[Stored entries]
Start of Block

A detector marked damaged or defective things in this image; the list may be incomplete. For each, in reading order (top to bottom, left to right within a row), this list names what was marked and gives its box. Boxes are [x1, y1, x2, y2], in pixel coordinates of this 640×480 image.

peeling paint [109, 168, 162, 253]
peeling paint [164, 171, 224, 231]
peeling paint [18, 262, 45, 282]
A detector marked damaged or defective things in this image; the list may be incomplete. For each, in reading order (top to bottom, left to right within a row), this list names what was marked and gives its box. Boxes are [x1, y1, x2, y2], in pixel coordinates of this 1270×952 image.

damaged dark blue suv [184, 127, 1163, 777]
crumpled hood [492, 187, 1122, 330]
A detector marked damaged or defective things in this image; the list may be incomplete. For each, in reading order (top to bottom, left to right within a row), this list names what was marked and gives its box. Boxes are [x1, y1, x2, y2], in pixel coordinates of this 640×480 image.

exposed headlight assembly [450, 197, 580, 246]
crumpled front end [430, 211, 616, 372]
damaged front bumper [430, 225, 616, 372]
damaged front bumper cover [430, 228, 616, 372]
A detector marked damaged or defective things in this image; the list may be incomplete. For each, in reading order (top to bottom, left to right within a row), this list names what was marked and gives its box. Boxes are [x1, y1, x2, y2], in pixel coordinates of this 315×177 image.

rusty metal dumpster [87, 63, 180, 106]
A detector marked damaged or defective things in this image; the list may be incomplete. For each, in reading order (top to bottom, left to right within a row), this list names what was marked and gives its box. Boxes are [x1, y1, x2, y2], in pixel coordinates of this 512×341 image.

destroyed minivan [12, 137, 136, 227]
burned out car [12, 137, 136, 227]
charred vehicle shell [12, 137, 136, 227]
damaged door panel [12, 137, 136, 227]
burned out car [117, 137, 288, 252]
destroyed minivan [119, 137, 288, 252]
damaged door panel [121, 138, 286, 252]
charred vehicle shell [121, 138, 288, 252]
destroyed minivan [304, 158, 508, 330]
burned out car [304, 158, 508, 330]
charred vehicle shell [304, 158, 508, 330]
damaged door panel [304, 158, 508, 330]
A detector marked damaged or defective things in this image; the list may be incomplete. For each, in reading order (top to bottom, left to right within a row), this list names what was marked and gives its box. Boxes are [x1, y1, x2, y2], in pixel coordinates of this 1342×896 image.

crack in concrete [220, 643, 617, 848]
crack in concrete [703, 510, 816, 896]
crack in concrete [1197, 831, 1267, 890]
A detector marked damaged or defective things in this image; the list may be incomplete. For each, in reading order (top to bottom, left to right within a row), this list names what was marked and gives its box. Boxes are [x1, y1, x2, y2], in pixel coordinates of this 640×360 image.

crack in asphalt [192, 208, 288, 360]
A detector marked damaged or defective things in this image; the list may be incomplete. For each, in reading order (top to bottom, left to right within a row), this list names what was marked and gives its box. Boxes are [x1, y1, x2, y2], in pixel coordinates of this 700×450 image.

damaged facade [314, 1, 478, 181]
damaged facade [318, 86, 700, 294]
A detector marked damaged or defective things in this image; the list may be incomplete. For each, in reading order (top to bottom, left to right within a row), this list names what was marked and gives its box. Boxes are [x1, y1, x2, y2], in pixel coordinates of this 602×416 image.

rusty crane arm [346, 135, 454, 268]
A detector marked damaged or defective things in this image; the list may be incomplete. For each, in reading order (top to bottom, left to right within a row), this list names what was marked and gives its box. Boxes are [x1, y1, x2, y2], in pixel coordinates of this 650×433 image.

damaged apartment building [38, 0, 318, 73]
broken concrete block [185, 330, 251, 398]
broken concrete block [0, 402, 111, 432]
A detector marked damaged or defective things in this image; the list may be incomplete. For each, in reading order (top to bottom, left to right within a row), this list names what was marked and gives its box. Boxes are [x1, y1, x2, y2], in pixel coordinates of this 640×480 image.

End of Block

Look above for the line containing "this 602×416 image.". From there to the final line of the entries, repeat every line exactly.

A detector marked damaged or defective things in this image; the list may be incomplete. For each, in reading order (top to bottom, left to right within a row), this list names what was marked and gives its box. Boxes are [x1, y1, x2, y2], in pixel coordinates of this 602×416 image.

rusty crane arm [346, 135, 454, 268]
A detector marked damaged or defective things in this image; the list may be incomplete. For each, in reading order (top to bottom, left to right within a row), this list names what was marked and gives its box. Boxes are [x1, y1, x2, y2], in pixel coordinates of this 650×433 image.

damaged apartment building [38, 0, 318, 73]
broken concrete block [185, 330, 251, 398]
broken concrete block [0, 402, 111, 432]
A detector marked damaged or defective things in this image; the list may be incomplete. For each, in reading order (top to bottom, left to right within a row), this list names what was marked and gives its box. Boxes are [x1, y1, x2, y2], in pixel coordinates of this 640×480 image.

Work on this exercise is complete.